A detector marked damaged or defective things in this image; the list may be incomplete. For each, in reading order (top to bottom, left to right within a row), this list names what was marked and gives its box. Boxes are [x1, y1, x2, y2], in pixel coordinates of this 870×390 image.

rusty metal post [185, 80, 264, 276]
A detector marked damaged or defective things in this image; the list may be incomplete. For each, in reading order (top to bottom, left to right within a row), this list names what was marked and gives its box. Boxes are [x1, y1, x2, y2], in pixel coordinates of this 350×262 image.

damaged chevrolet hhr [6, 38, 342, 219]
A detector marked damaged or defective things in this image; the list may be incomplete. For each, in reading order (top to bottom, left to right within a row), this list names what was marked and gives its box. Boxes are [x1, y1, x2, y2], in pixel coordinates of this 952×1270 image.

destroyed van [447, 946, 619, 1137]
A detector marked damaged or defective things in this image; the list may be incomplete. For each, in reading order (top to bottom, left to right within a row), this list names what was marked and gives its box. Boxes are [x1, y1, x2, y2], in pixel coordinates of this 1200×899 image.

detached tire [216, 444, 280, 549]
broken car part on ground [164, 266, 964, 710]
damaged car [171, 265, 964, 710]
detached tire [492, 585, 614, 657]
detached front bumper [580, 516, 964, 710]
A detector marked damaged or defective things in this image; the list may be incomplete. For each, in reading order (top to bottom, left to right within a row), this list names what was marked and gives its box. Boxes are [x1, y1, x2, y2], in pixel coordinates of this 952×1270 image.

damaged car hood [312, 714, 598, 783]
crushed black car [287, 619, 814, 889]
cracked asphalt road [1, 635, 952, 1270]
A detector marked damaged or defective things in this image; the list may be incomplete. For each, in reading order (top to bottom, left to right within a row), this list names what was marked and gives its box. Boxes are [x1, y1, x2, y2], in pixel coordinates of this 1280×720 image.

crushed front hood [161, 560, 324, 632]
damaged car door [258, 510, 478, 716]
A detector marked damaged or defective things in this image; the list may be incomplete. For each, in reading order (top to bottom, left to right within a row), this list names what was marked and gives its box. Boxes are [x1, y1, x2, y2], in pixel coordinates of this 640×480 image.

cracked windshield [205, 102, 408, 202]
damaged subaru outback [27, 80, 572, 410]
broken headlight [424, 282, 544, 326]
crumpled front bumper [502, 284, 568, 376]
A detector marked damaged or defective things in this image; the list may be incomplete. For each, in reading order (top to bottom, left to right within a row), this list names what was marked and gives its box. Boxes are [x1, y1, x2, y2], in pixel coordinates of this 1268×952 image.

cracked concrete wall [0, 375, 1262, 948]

──────────────────────────────

Restate, without alteration, the lines of the material above that begin at the one containing "this 640×480 image." and run through its last line.

> [Exercise solution]:
A detector marked damaged or defective things in this image; the list may be incomplete. For each, in reading order (top to bottom, left to right within a row), this list names what was marked and gives its box. Boxes are [x1, y1, x2, y2], in pixel coordinates of this 640×480 image.

cracked windshield [205, 102, 408, 202]
damaged subaru outback [27, 80, 572, 410]
broken headlight [424, 282, 544, 326]
crumpled front bumper [502, 284, 568, 376]
A detector marked damaged or defective things in this image; the list may be incomplete. For each, in reading order (top to bottom, left to right within a row), this list names what was marked and gives its box. Boxes are [x1, y1, x2, y2], in pixel coordinates of this 1268×952 image.

cracked concrete wall [0, 375, 1262, 948]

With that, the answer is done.